Studio Bamako
PhotoVOGUE - VOGUE Italia


During the last decades photography has changed. Since it got digital and especially since everybody uses smartphones, people take photographs every day. In former times you had to go to a photographic studio to get a picture of you and your family. Pictures were printed, not just displayed. And as there were only few of them, people were looking at the same pictures for years. While taking pictures got democratized, the worth of a photograph decreased.

A few years ago we travelled through southern Africa. To cross the border from the Kingdom of Swaziland to Mozambique we had to get passport photographs for our visa. So we went to an old fashioned photo studio to get some portrait shots. It was like entering a forgotten world. The camera which was used by the friendly photographer looked like one of the models you might have seen in a photography museum. We had to pose in front of a curtain and after the shooting we had to wait one hour for the images to develop.

Back home we found similar pictures in Feli´s family album.

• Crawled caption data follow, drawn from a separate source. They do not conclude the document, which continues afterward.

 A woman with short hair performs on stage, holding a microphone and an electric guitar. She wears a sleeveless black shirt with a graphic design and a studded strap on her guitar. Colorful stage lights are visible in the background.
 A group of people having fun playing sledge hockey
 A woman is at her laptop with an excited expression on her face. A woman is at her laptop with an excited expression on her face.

His father is from Algeria, North Africa, and there are only few images he preserves, most of them taken in a similar surrounding.

Then we went to Paris to see the exhibitions of Malick Sidibé and Seydou Keïta, two photographers from Mali, Africa. Sidibé and Keïta are famous for their portrait photography in the 1950s, 60s and 70s, the years after Mali´s independence. We were very impressed by the beautiful and expressive images and by the plain and simple sets they used in their studios. Their photographs reminded us of our photo session in Swaziland. The idea for our story was born. We call it „Studio Bamako“, for Bamako is the capital of Mali.

We are very happy to have Hair and Make-up artist Claudia Creuels in our team. She travelled the world for photo shootings and learned to work with african hair in South Africa.
The kids in our story loved to be dressed up and get styled like a modern version of their grandparents for a photo album shooting.

This story is dedicated to what people photography used to be.